Operate AI as a Product, Not a Project. Affordability is a sustained outcome, not a one-time achievement. AI delivers durable cost efficiency only when it is managed as a product — with clear ownership, a roadmap, and outcome-based funding — rather than as a sequence of projects.
Product-oriented teams continuously refine models, workflows, and data as conditions evolve, keeping adoption high and benefits durable.
This operating model also enforces financial discipline: low-value initiatives are stopped, savings from productivity gains and IT automation are reinvested, and AI increasingly funds itself. For CIOs, this shift aligns technology, talent, and capital around a single objective of making affordability a structural feature of the utility, not a periodic regulatory exercise.
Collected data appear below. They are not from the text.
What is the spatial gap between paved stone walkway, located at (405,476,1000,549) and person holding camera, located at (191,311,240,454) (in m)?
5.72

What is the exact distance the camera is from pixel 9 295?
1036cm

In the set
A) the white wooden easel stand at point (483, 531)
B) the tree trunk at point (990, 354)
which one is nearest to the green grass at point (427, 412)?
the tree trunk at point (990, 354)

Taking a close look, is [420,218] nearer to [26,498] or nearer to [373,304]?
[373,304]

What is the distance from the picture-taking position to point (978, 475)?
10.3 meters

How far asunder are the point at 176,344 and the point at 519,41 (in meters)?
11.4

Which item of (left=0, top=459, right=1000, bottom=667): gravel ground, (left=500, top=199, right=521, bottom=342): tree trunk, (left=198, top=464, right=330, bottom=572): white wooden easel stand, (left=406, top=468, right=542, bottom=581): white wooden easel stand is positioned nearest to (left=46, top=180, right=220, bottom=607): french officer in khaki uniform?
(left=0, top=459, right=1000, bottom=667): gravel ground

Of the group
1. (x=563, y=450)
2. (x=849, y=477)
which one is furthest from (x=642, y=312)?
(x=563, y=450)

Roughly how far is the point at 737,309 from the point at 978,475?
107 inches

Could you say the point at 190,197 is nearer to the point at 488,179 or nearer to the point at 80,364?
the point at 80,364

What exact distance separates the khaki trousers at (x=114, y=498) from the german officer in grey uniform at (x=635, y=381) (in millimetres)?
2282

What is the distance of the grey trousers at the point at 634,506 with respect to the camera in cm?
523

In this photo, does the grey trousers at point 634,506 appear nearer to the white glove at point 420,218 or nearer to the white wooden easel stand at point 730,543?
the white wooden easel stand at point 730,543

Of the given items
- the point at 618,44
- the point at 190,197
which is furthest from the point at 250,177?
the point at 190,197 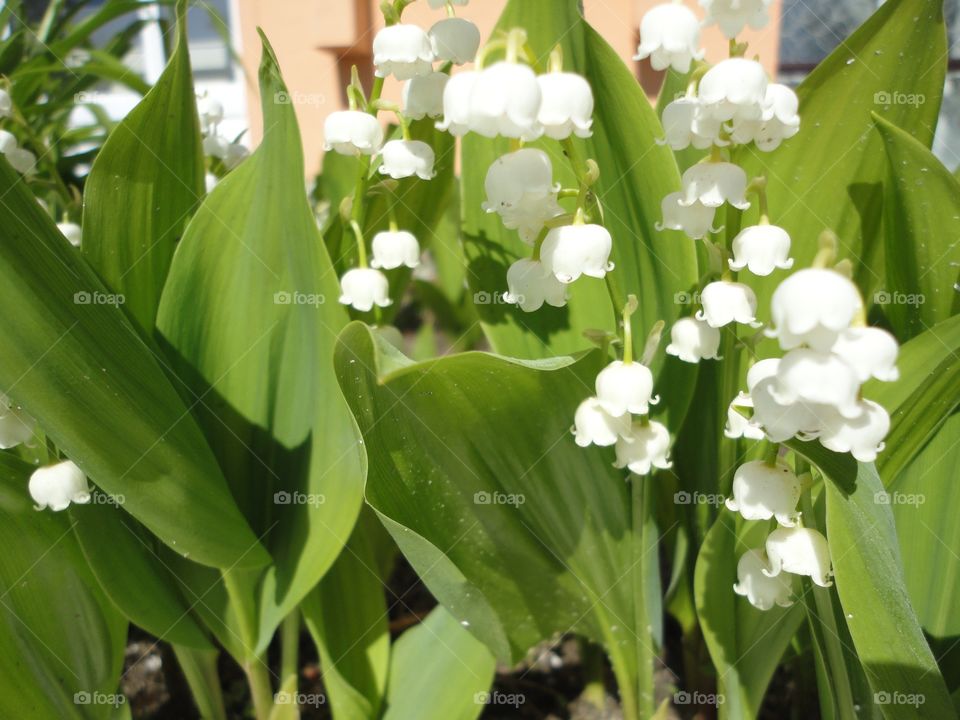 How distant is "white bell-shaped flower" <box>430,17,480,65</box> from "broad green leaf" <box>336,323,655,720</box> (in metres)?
0.27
The CIO’s Affordability Mandate
As utilities confront rising demand, mounting investment requirements, and heightened regulatory scrutiny, affordability has emerged as the defining challenge of the decade. AI offers a powerful lever, but only when deployed with focus, discipline, and scale.
By anchoring AI to value pools, industrializing platforms, rewiring how work gets done, earning stakeholder trust, and operating AI with product rigor, CIOs can turn technology into a sustained force for cost containment. In doing so, they position their organizations to deliver reliable, sustainable, and affordable energy in an increasingly complex world.